• TASK ITEM: Line by line, set down all the data below exactly, omitting any picture.

• INFORMATION SUPPLIED:
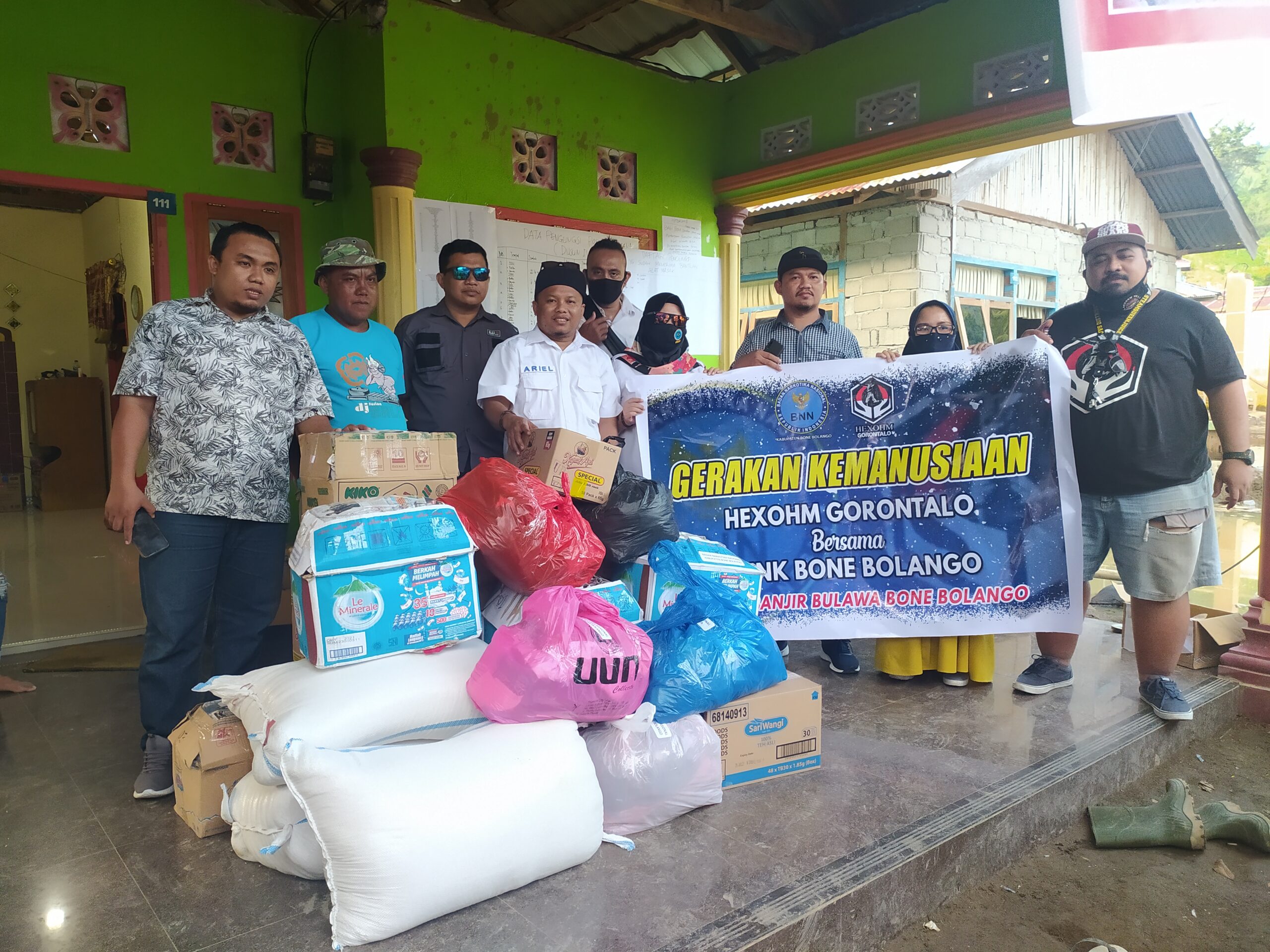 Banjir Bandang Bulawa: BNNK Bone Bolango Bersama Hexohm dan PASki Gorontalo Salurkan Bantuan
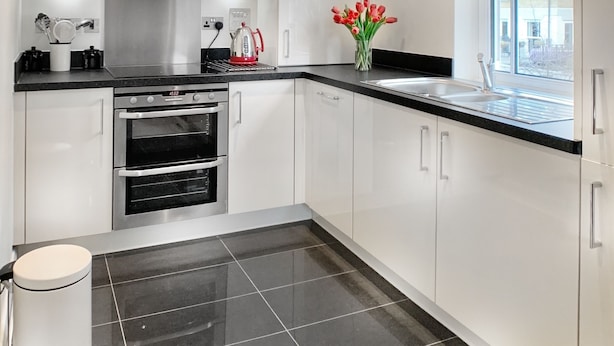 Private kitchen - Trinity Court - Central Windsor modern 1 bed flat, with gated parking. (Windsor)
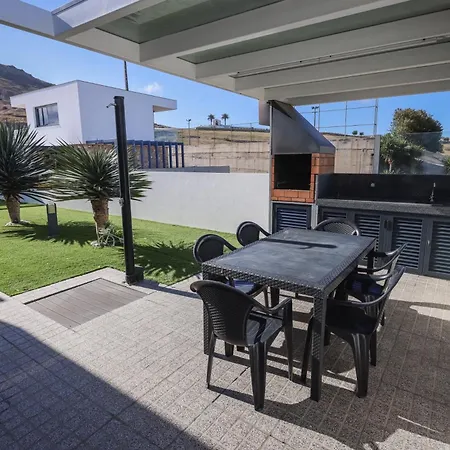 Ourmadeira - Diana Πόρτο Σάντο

• YOUR RESPONSE:
 Banjir Bandang Bulawa: BNNK Bone Bolango Bersama Hexohm dan PASki Gorontalo Salurkan Bantuan
 Private kitchen - Trinity Court - Central Windsor modern 1 bed flat, with gated parking. (Windsor)
 Ourmadeira - Diana Πόρτο Σάντο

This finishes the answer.